• [REQUIRED WORK]:
Omitting every picture, copy the lines from the one that contains "Luxxury - Reworks Volume 7" through the last line of the records below, exactly and with nothing added.

• [RECORDS SUPPLIED]:
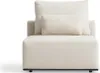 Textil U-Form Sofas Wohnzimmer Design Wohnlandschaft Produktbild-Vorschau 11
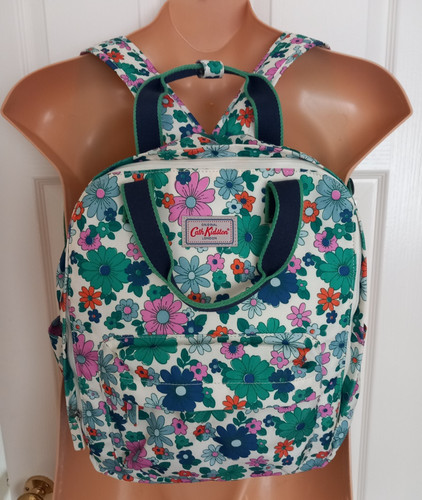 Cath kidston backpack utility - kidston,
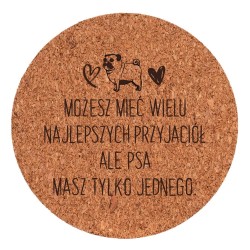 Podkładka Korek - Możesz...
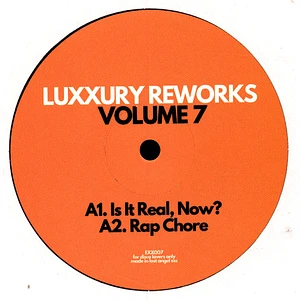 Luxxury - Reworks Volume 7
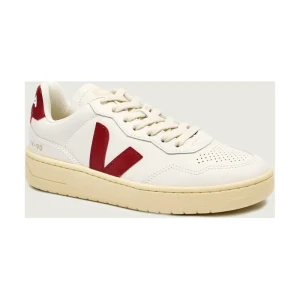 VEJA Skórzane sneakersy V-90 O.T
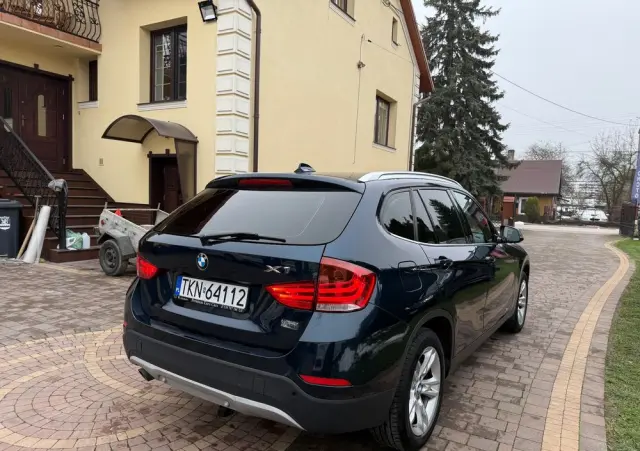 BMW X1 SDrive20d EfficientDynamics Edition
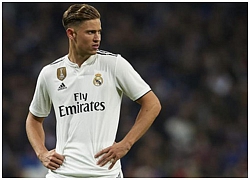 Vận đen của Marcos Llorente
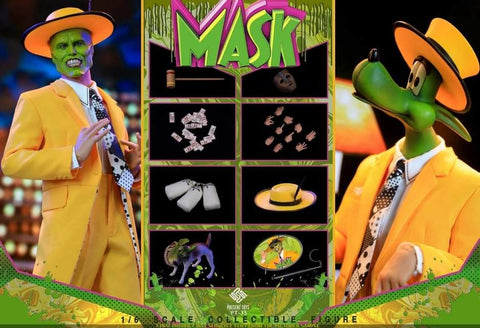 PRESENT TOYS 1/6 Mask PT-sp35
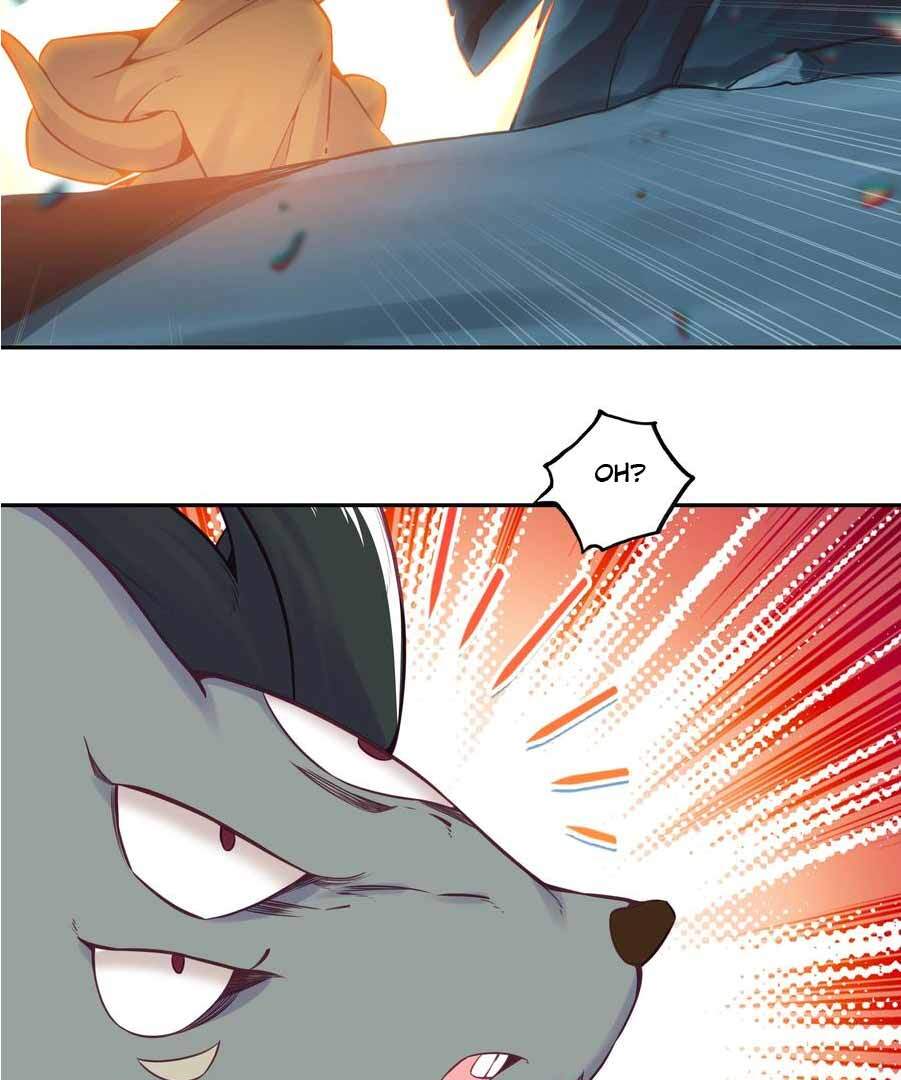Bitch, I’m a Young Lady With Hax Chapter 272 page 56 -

• [ANSWER TO THIS TASK]:
 Luxxury - Reworks Volume 7
 VEJA Skórzane sneakersy V-90 O.T
 BMW X1 SDrive20d EfficientDynamics Edition
 Vận đen của Marcos Llorente
 PRESENT TOYS 1/6 Mask PT-sp35
Bitch, I’m a Young Lady With Hax Chapter 272 page 56 -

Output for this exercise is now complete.